No seu artigo de análise, o Oriental Daily explica que o Executivo da RAEHK tem vindo a ser alvo de grandes pressões, que começaram após a ida de Edmund Ho à Assembleia Legislativa, na terça-feira da semana passada. No inquérito feito pelo jornal de Hong Kong, e embora as prioridades elencadas pelos entrevistados sejam várias, todas elas se prendem com medidas sociais e de “distribuição da riqueza” do Governo. Trinta e quatro por cento dos auscultados defende, por exemplo, um maior investimento nos serviços médicos e no combate à pobreza, com 27 por cento a elegerem, como medida prioritária, a diminuição do imposto profissional.
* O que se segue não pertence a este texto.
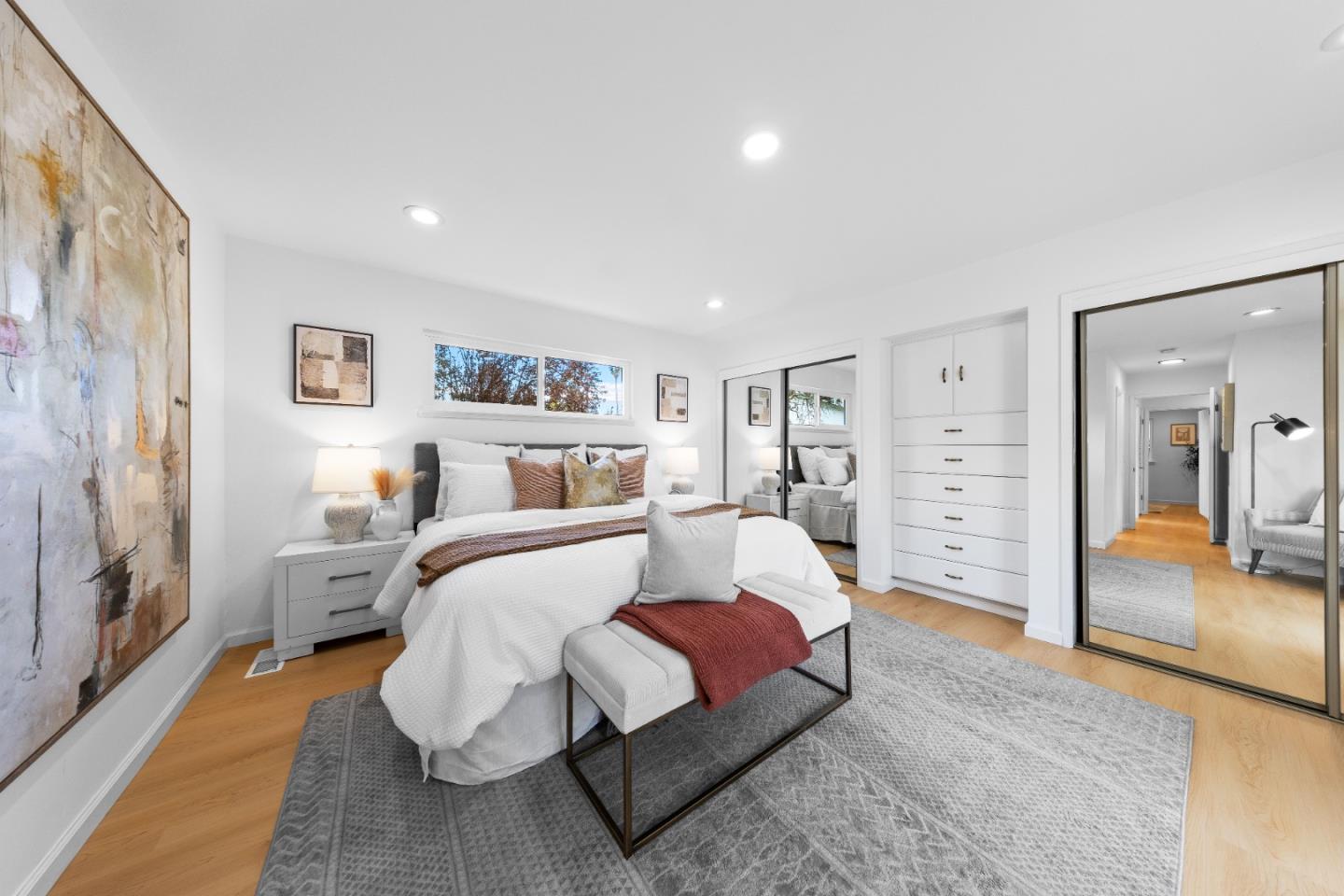 1637 Kitchener Drive Sunnyvale, CA 94087 - Photo 26 of 57 a spacious bedroom with a large bed and a couch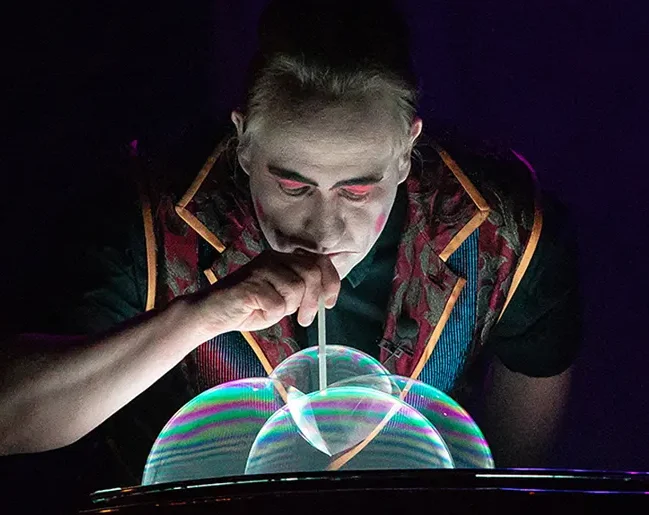 Clown bläst Seifenblasen mit bunten Lichtern im Hintergrund.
O discurso recente do secretário responsável pela tutela das Finanças, John Tsang Chun-wah, foi uma desilusão para aqueles que estavam à espera que a apresentação do Orçamento para 2008 trouxesse novidades para as camadas mais carenciadas da população. Embora tenha prometido a tal “distribuição da riqueza”, o secretário insistiu na necessidade de aumentar a reserva financeira do Governo.
John Tsang disse também que o Executivo não vai distribuir dinheiro junto dos pobres e apelou à população para que apoie os mais desfavorecidos, sendo que compete ainda a estes residentes ajudarem-se a eles próprios. Para o Oriental Dialy, a postura do governante é “lamentável” e representa que as autoridades não estão a ouvir a opinião pública.
O inquérito do jornal sobre esta matéria indica que a população de Hong Kong não tem quaisquer esperanças em relação aos planos orçamentais de John Tsang. Trinta e nove por cento acredita que os residentes em situação aflitiva não vão beneficiar das medidas do Governo e vinte por cento pensa que só os ricos vão tirar partido das ideias das autoridades. Apenas dez por cento dos entrevistados acha que haverá algum retorno da riqueza para todas as faixas da comunidade.
O estudo revela a crescente falta de popularidade do Executivo de Hong Kong, apontada, aliás, por outros inquéritos recentes. O Oriental Daily conclui que, para a maioria dos residentes, a prosperidade económica nada significa, uma vez que “o Governo se recusa a partilhar os frutos, reservando o banquete para os homens ricos”.